Bahram, subido en la más alta de las atalayas, observaba con delectación la escena junto a Kirdir; sin que se le hubiera molestado, sin que se le hubiera dirigido la menor palabra de amenaza, Mani se encontraba encerrado con su compañera en esa extraña prisión, cuyos muros pronto se hicieron más gruesos con una segunda fila de soldados. Pasaron la noche, y luego el día, y de nuevo la noche en el mismo lugar, sin fuego, agua ni comida, y también sin mantas, calentándose sólo con su mutua presencia reconfortante, mientras que los hombres de la guardia se relevaban por turno cada dos horas.
Hasta dos días después, cuando le informaron de que «el hereje» acababa de desmayarse en los brazos de Denagh, no ordenó el hijo mayor de Sapor que cesara el castigo.
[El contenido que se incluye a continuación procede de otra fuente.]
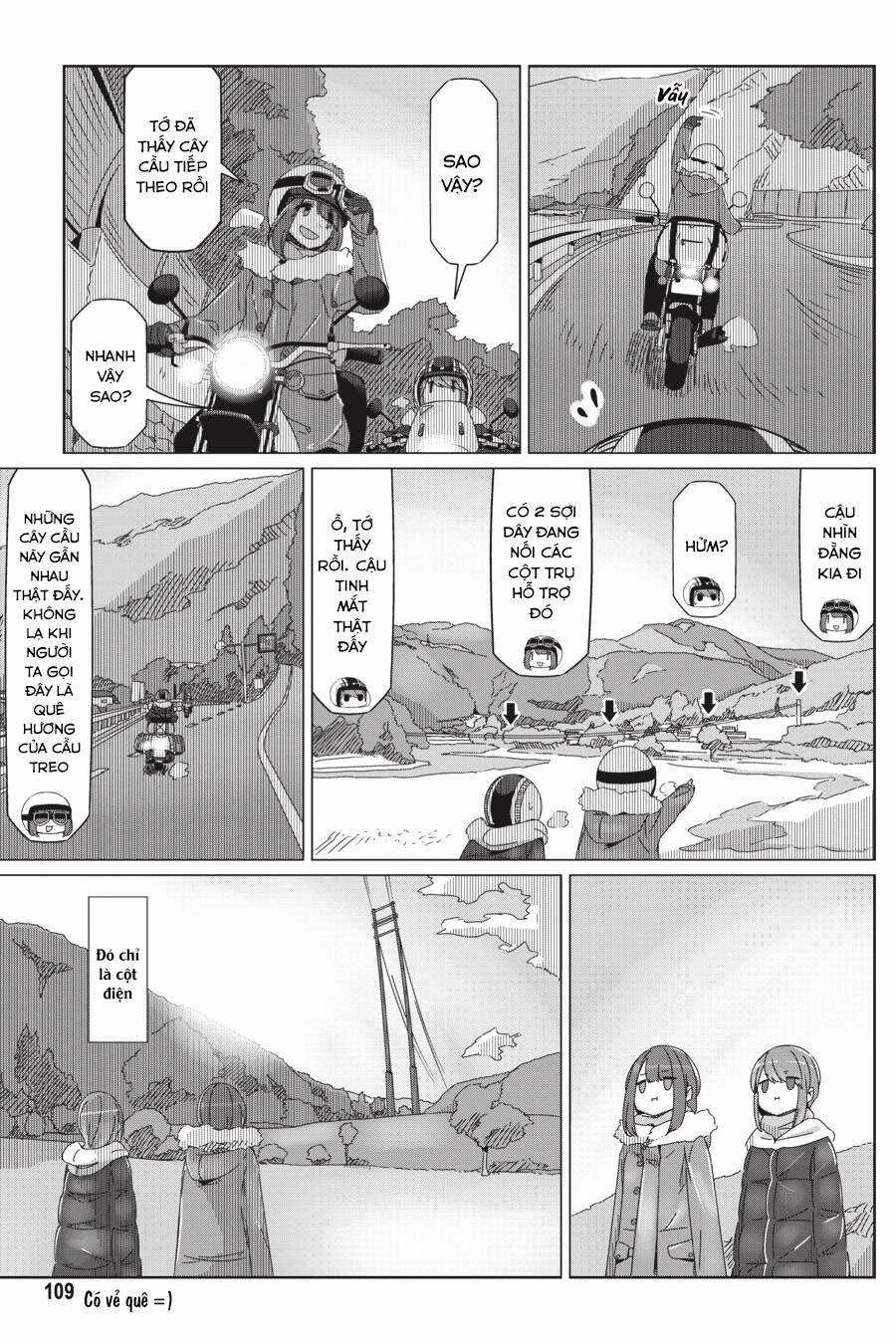 Laid-Back Camp Chapter 57 trang 4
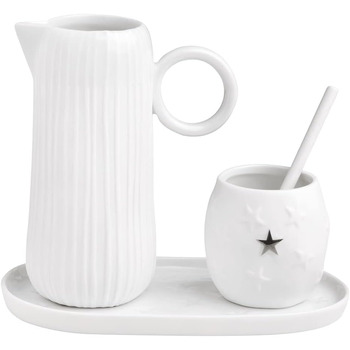 Ковші для молока з блюдем і ложкою 150 мл Räder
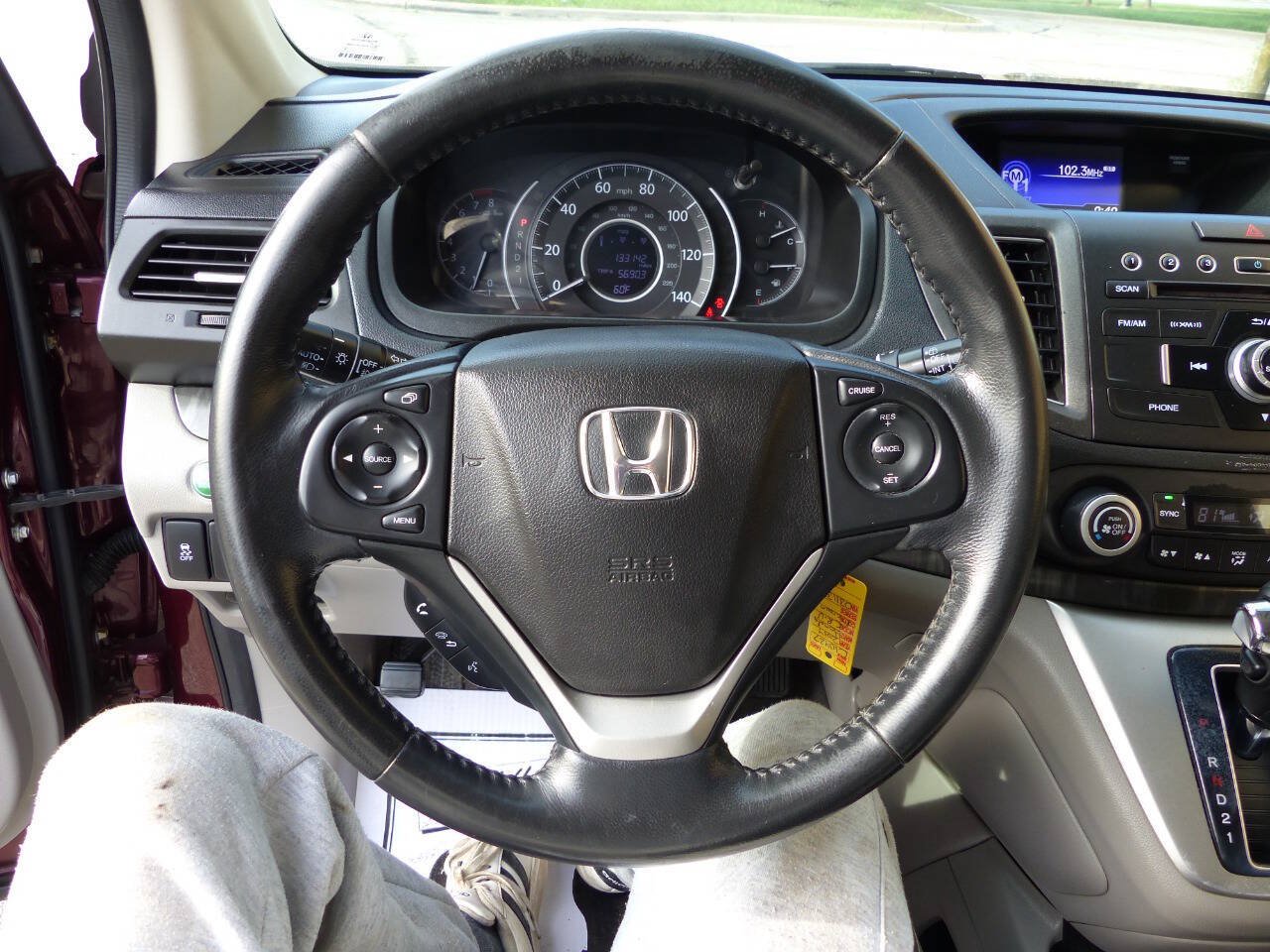 Used 2014 Honda CR-V EX-L image 23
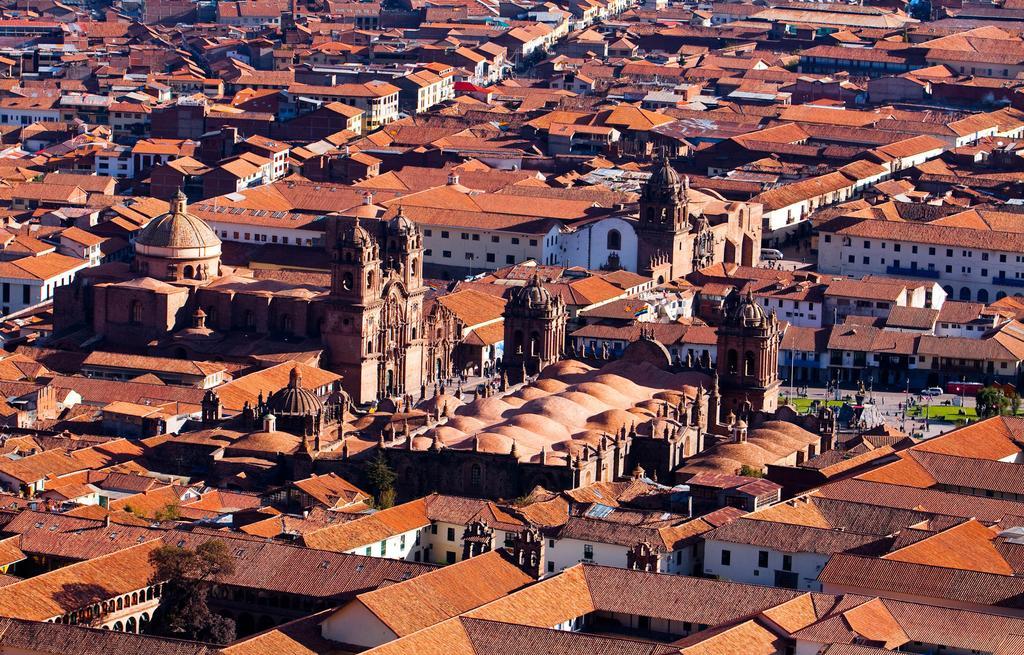 Cusco Plaza Nazarenas Hotel Luaran gambar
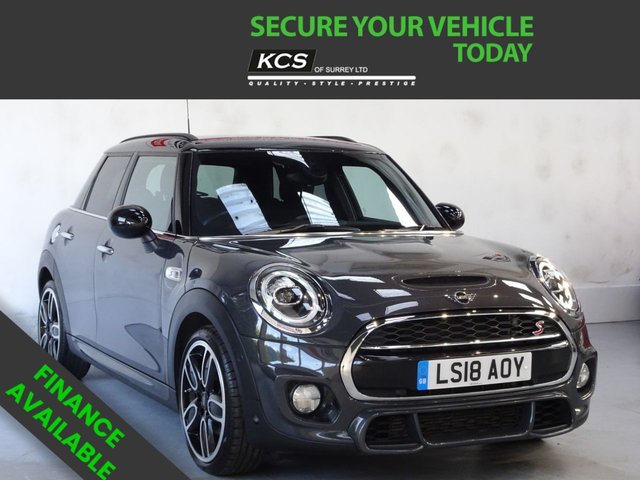 2018 MINI HATCH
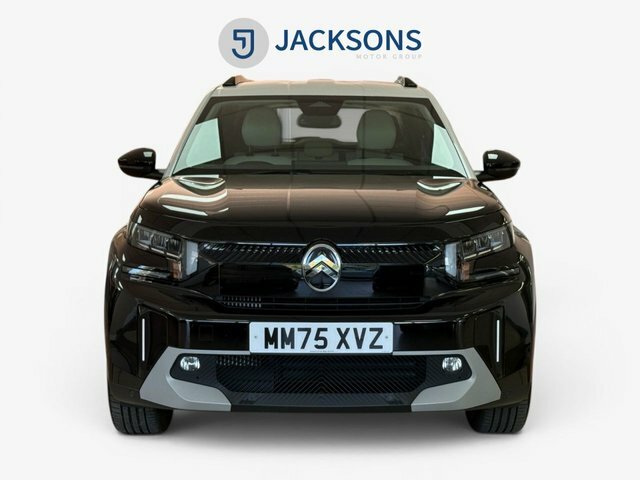 Citroen C3 Aircross 1.2 Hybrid Max Suv Hybrid E-dsc Euro 6 MM75XVZ Black #3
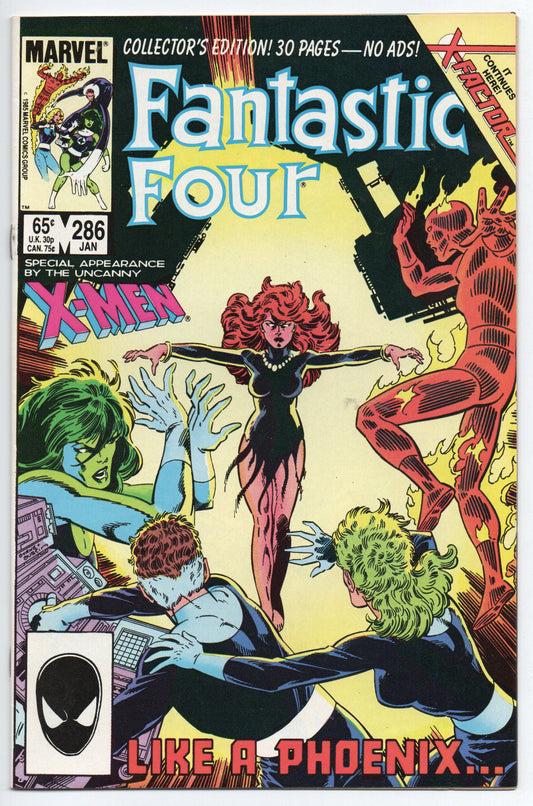 Pre-Owned - Fantastic Four #286  (January 1986)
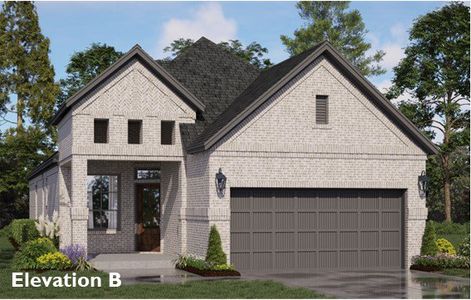 New construction Single-Family house 219 Lukewood Circle, Willis, TX 77318 Athens- photo 2 2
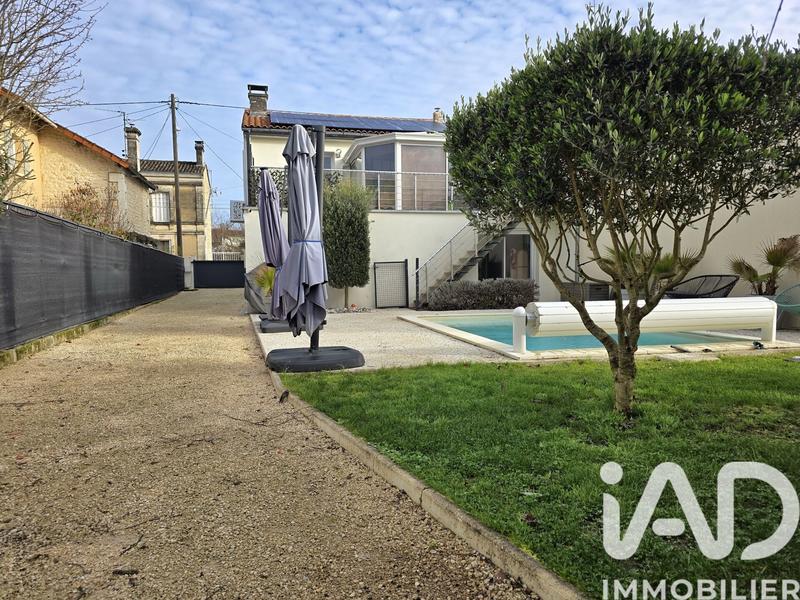 Maison de ville - 154 m² - 8 pièces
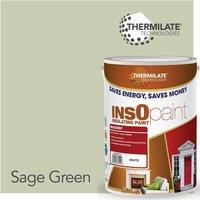 THERMILATE TECHNOLOGIES Exterior Masonry Paint - 5L in Sage Green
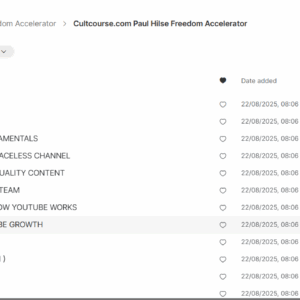 Paul Hilse Freedom Accelerator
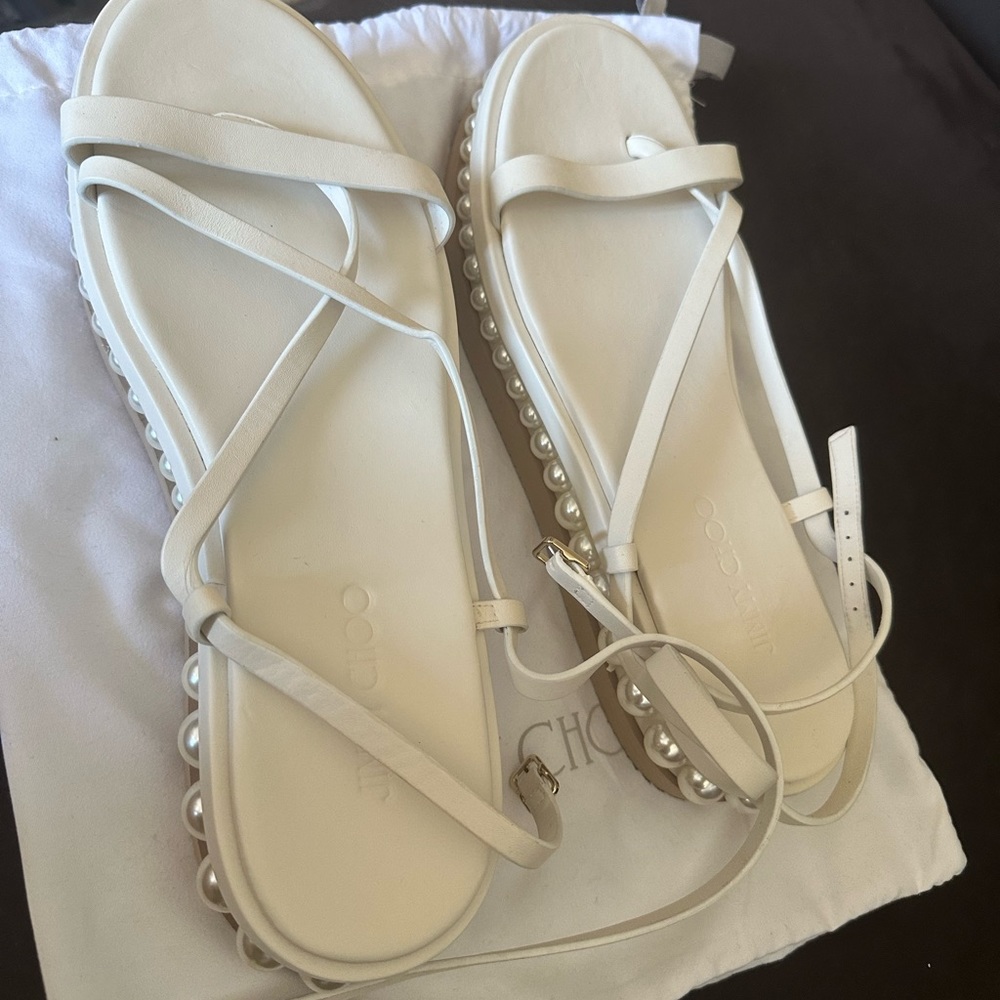 Great condition wore only 3x JIMMY CHOO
Y mientras los fieles se precipitaban a prestar auxilio a los secuestrados y se apresuraban a llevarse a Mani fuera de Ecbatana, temiendo que al recuperar el conocimiento decidiera prolongar su estancia, Bahram se fue a celebrar un banquete, haciendo resonar su risa por toda la ciudad. Si Mani se quejaba al rey de reyes, el príncipe siempre podría alegar que no había hecho más que asegurar al máximo la protección del visitante y que nadie le había levantado la mano.
Pero Sapor no lo entendió así. En cuanto se propagó la noticia, convocó a su hijo a Ctesifonte, y allí, ante una multitud de estupefactos cortesanos, le acusó de desobediencia, le tachó de libertino e incapaz y luego ordenó que le encerraran en un pabellón de caza.
Ese día, mientras los jinetes de la guardia imperial iban a buscar a Bahram, otro destacamento tomaba el camino de Kengavar, donde se encontraba Mani, a fin de llevarle con urgencia a la capital. Con urgencia y solo. Como Sapor no había tolerado jamás la más leve ofensa a la dignidad de su cargo, desde el momento en que su hijo había sido humillado en público, nadie se aventuraba a imaginar qué trato se infligiría a aquel que, según la opinión general, era el culpable de los desórdenes.
Antes de separarse de sus compañeros, el hijo de Babel les hizo recomendaciones para que prosiguieran la obra emprendida. Quiso decir una palabra a cada uno de sus allegados, pero el oficial le conminó a abreviar su despedida.